When we put a capture agent on a finance clerk's machine, the first question the operator asks is rarely about the redesign we're there to do. It's "what are you collecting, and where does it go." That question deserves an answer from the architecture rather than a reassurance, because the only honest way to say "we don't keep what we don't need" is to build a system that physically cannot keep it. The design choice that follows from taking the question seriously is the difference between an observation tool a security team will approve and a screen recorder they'll escalate to legal. We capture the structure of the work, which steps run and in what order, and we don't record the worker, and almost everything below is downstream of that one decision.
Scoped to the surface, not the screen
A screen recorder is the lazy way to learn a process, and it's the wrong way. It captures everything in front of the clerk, which means it captures the personal email tab, the HR portal, the banking app the clerk forgot to close, and the family photo on the desktop, none of which the redesign needs and all of which a buyer's security team now has to reason about. We scope capture to the application and process surface the engagement covers, so the agent records that an invoice was opened in the ERP, which fields were keyed, which validation fired, and how long the step took, without taking a picture of the desktop to get there. The unit of capture is an event with structure ("a line item was added to a purchase order," "a vendor record was looked up"), not a frame of pixels we'd have to interpret after the fact. We narrow the capture on purpose, because the redesign needs to know the sequence and frequency of steps far more than it needs to see the cell contents the clerk happened to be staring at.
Redaction at the endpoint, before anything leaves
Whatever the scoped surface does still pick up gets processed where it's captured. PII detection and redaction run at the point of capture, on the endpoint, so that names, account numbers, and other identifiers are detected and masked before any record crosses the network. The principle is that raw identifiers never leave the machine; what leaves is the redacted event. This matters for a reason that's more architectural than rhetorical: a redaction step that runs in the cloud means the raw data was already in the cloud, and at that point you're trusting a deletion policy instead of a network boundary. Doing it at the endpoint moves the guarantee from "we promise to delete it" to "it was never transmitted." It also costs us something, since on-device detection has to be conservative and will occasionally mask a field the redesign would have liked to read, but that trade goes the right way every time.
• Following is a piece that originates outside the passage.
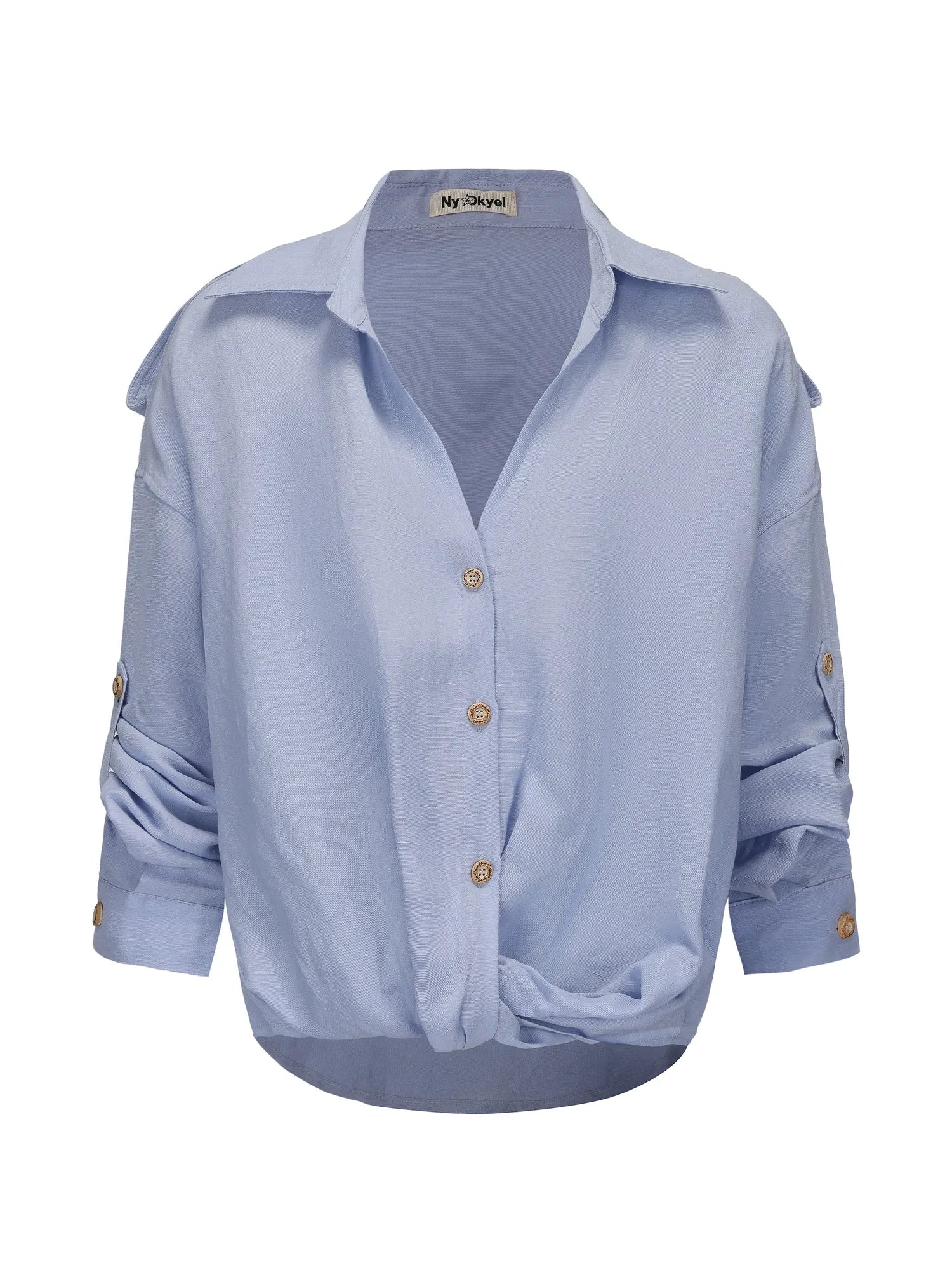 Adjustable Sunshade Shirt With Twist Detail In Cotton Linen Blend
Minimum retention, raw data discarded after extraction
We keep the minimum the redesign requires, and no more. The capture agent's job is to produce a model of the process, which is a set of features: which steps happen, in what order, how often, with what exceptions, taking how long. Once those features are extracted, the raw screen data they were derived from has served its purpose and is discarded. The feature table is what we baseline against and redesign from; the underlying capture is not an asset we hold "in case." This is the same discipline that makes the discovery phase defensible, where the deliverable is a description of how the work actually runs rather than a stored copy of everything the clerk did, and it's the posture that lets us tell a security reviewer exactly what exists after the engagement ends, which is the model and not the recording.
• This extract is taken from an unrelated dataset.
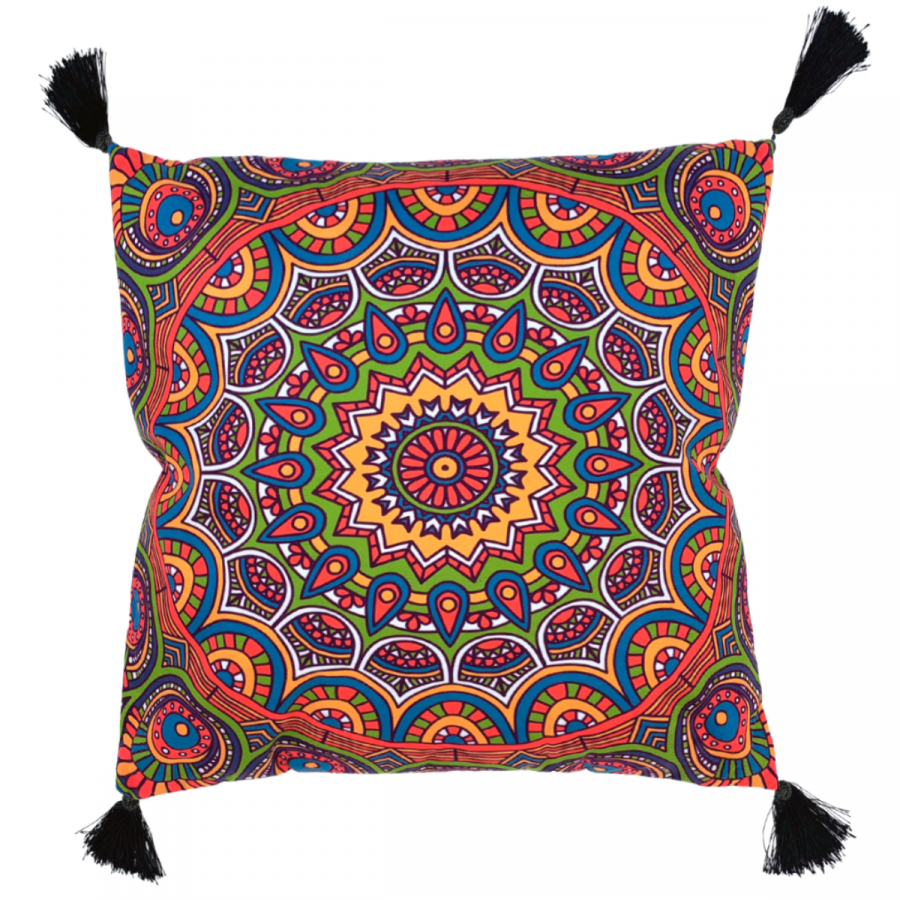 Cojín mandala festiva, 42cm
Processing inside the customer's own tenant
The raw stream, for the brief window it exists before extraction, stays inside the customer's own environment. Processing happens in the customer's tenant or VPC over private networking, not in a shared multi-tenant store we operate, with encryption in transit and at rest throughout. A multi-tenant store is a category of risk a buyer's security team has to evaluate on our behalf, since it asks them to trust our isolation between their data and the next customer's. Keeping the processing inside their boundary removes that question entirely; their data is never commingled with anyone else's, because it never leaves a network they control. This is also why the shape of an aligned engagement puts the infrastructure inside the boundary the customer's own controls already cover, rather than asking them to extend trust to a boundary we operate.
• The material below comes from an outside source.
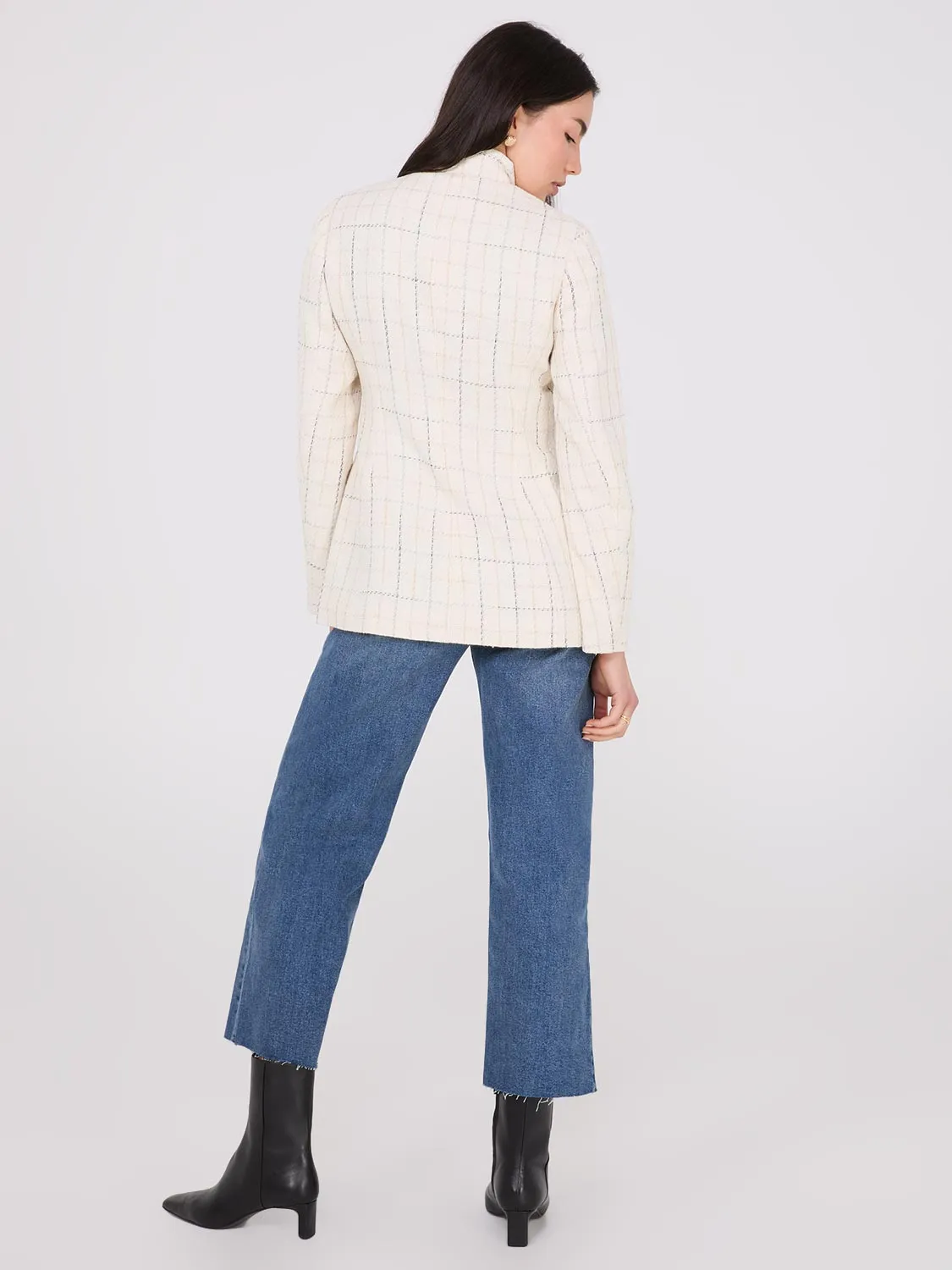 Boucle Button-Front Blazer With Mandarin Collar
What a security team can actually audit against
None of this is meaningful unless a reviewer can test it, so each choice maps to a control category they already use. The AICPA Trust Services Criteria that underpin a SOC 2 examination give the framework: scoped capture and endpoint redaction speak to confidentiality and to privacy; in-tenant processing over private networking with encryption everywhere speaks to security; the discipline of extracting features faithfully and discarding the rest speaks to processing integrity. A reviewer doesn't have to take our word for any of it, because each control is a thing you can observe in the architecture and the logs. For EU exposure the same design satisfies the principles in Article 5 of the GDPR, specifically purpose limitation, since we capture only for the redesign and use it for nothing else, and data minimization, since we keep the minimum that purpose requires and discard the rest. The federal baseline in the United States, the Electronic Communications Privacy Act, governs the monitoring of communications and turns on business purpose and consent; the legal mechanics of doing this lawfully are their own subject, and the behavioral question of whether watching feels like shadowing or like surveillance is a third, but the architecture here is what makes the legal and the behavioral answers credible rather than aspirational.
Why the leaner model is also the more useful one
A reasonable counter is that we're giving up signal: a full screen recording captures everything, and surely more data produces a better redesign than a redacted event stream does. There's a version of that worry worth taking seriously, because the long tail of edge cases is exactly where automation projects stall, and you do need to see the messy reality rather than the happy path. But the thing the redesign actually consumes is the structure of the work, the sequence and frequency and exception rate of the steps, and a screen recording leaves that structure implicit in hours of footage someone then has to watch and transcribe before any of it becomes usable. The redacted event stream is the structure, already extracted, which means the leaner capture is not a compromise we accept for the sake of privacy but the form the useful signal was going to take regardless. The model that's safest to hold and the model that's most useful to redesign from turn out to be the same model, which is the agreeable case where the defensible architecture and the good one don't pull against each other.